Your instructions ▸
Write out the lines below exactly, beginning at the one with "The Volkswagen ID.4" and stopping after the one with "Top of empty"; the pictures are not copied.

START Task data

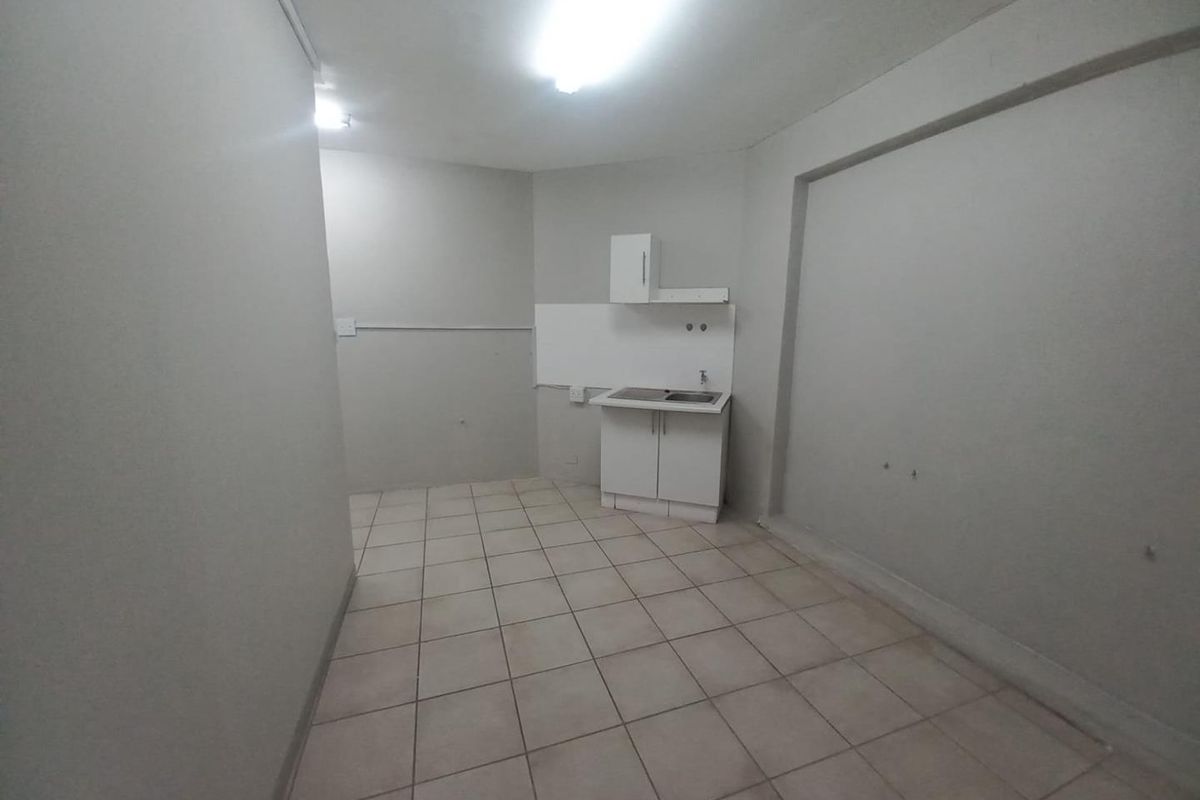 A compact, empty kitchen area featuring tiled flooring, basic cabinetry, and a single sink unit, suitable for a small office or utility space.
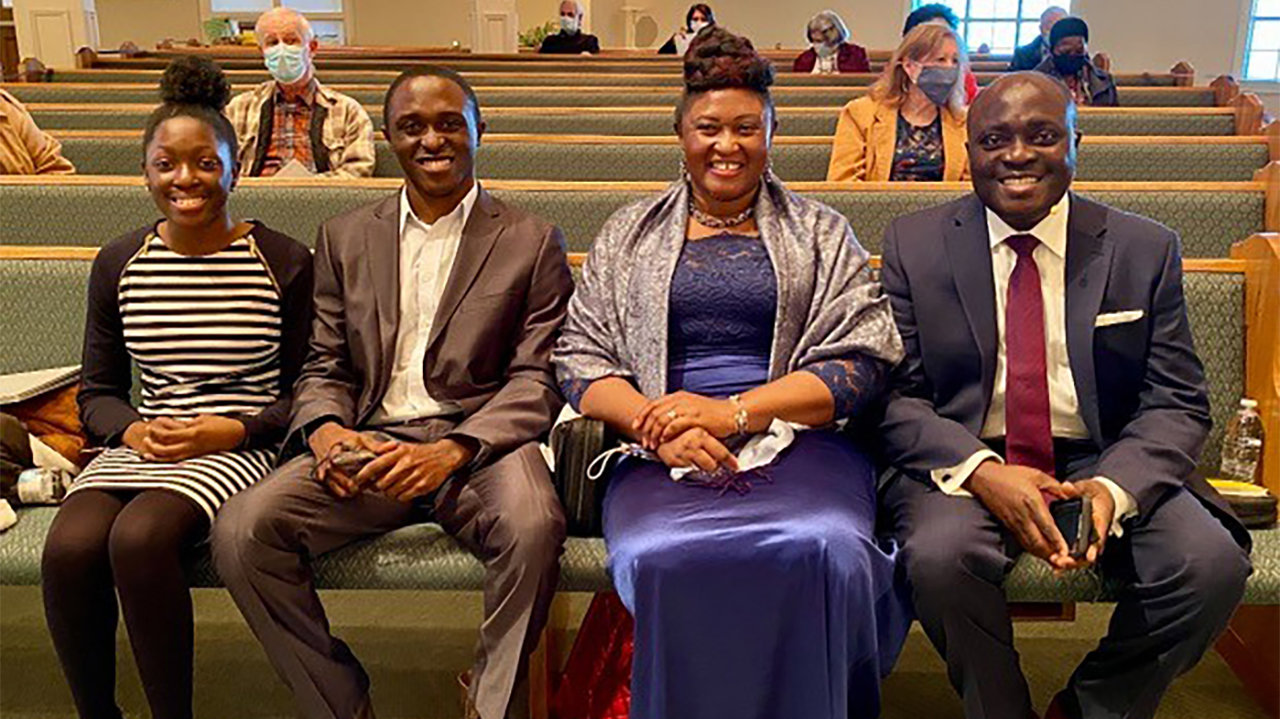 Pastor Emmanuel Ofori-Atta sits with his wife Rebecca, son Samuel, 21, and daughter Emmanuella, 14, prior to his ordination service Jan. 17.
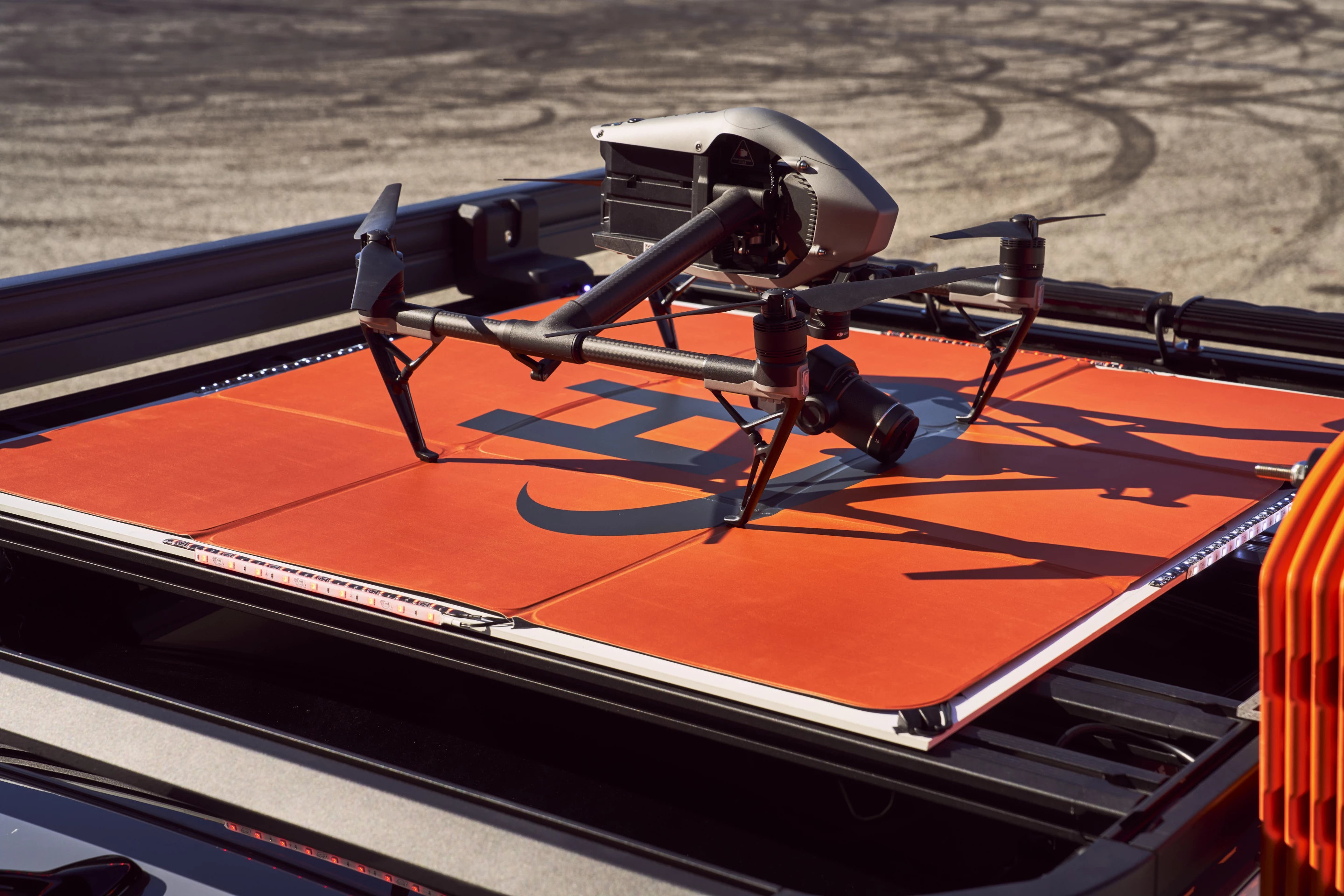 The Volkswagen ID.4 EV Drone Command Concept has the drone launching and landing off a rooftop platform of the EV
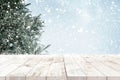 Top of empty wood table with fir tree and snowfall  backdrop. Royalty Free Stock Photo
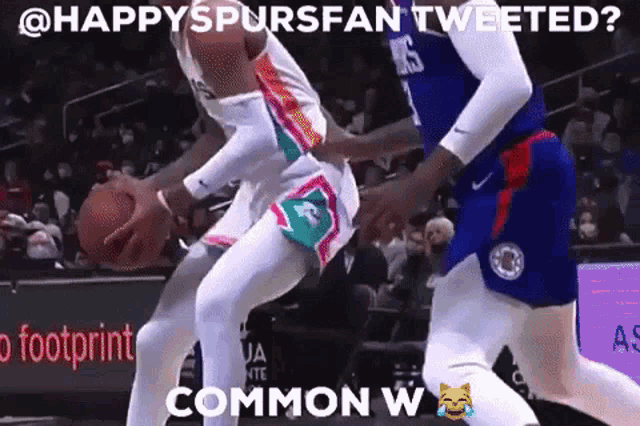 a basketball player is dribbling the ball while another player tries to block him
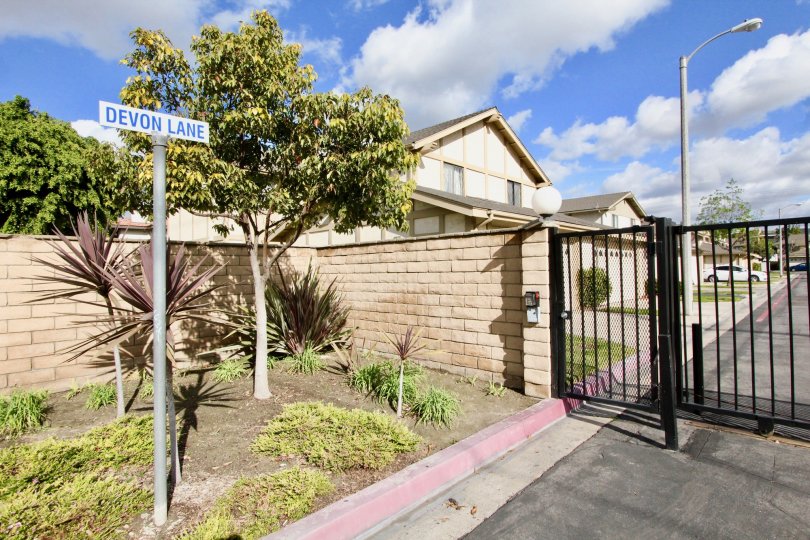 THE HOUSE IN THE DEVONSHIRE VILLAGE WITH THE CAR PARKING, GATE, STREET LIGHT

END Task data

Your response ▸
 The Volkswagen ID.4 EV Drone Command Concept has the drone launching and landing off a rooftop platform of the EV
 Top of empty wood table with fir tree and snowfall  backdrop. Royalty Free Stock Photo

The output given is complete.